He who has learned to look to God in everything he does is at the same time diverted from all vain thoughts.
Men will never worship God with a sincere heart, or be roused to fear and obey Him with sufficient zeal, until they properly understand how much they are indebted to His mercy.
The Scriptures should be read with the aim of finding Christ in them. Whoever turns aside from this object, even though he wears himself out all his life in learning, he will never reach the knowledge of the truth.
The Lord has given us a table at which to feast, not an altar on which a victim is to be offered; He has not consecrated priests to make sacrifice, but servants to distribute the sacred feast.
Lawful worship consists in obedience alone.
Whomever the Lord has adopted and deemed worthy of His fellowship ought to prepare themselves for a hard, toilsome, and unquiet life, crammed with very many and various kinds of evil.
For it is better, with closed eyes, to follow God as our guide, than, by relying on our own prudence, to wander through those circuitous paths which it devises for us.
The church is the gathering of God’s children, where they can be helped and fed like babies and then guided by her motherly care, grow up to manhood in maturity of faith.
The gospel is not a doctrine of the tongue, but of life.

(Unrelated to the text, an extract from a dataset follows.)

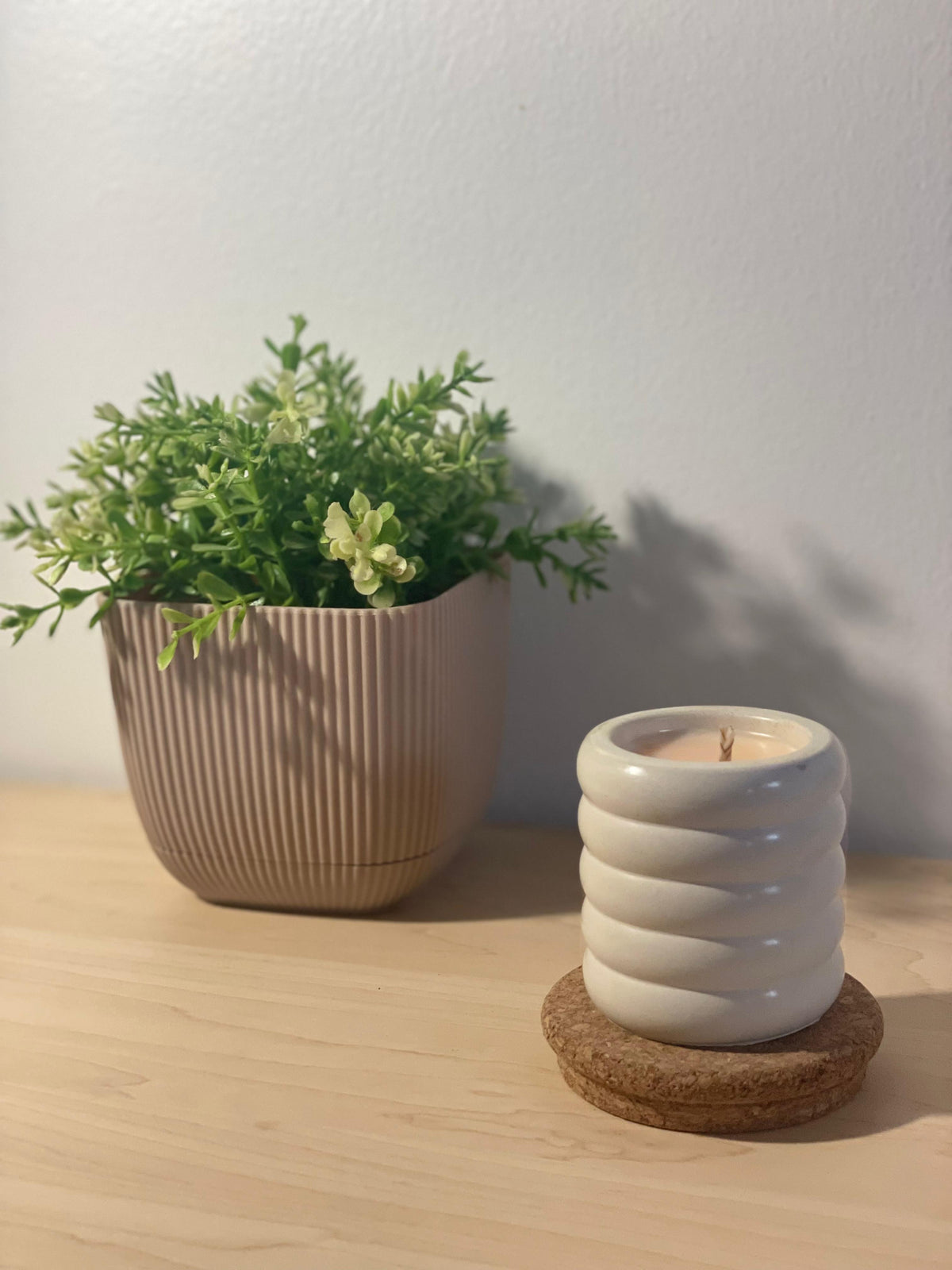 Alvéa - bougie en pot Jesmonite alvéolé avec éco-recharge, gros plan - Fait main à Nice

It cannot be grasped by reason and memory only, but it is fully understood when it possesses the whole soul and penetrates to the inner recesses of the heart.
Joy and thanksgiving expressed in prayer and praise according to the Word of God are the heart of the Church’s worship.
The unborn baby, though enclosed in the womb of its mother, is already a human being, and should not be robbed of the life which it has not yet begun to enjoy.
To will is human, to will the bad is of fallen nature, but to will the good is of Grace.
The whole gospel is contained in Christ.
There is no place for faith if we expect God to fulfill immediately what he promises.
I exhort all, who reverence the Word of the Lord, to read it, and diligently imprint it on their memory.
For astronomy is not only pleasant, but also very useful to be known: it cannot be denied that this art unfolds the admirable wisdom of God.
We are not to reflect on the wickedness of men but to look to the image of God in them, an image which, covering and obliterating their faults, an image which, by its beauty and dignity, should allure us to love and embrace them.
How do we know that God has elected us before the creation of the world? By believing in Jesus Christ.
No one will calmly and quietly submit to bear the cross except those who have learned to seek their happiness beyond this world.
It behooves us to accomplish what God requires of us, even when we are in the greatest despair respecting the results.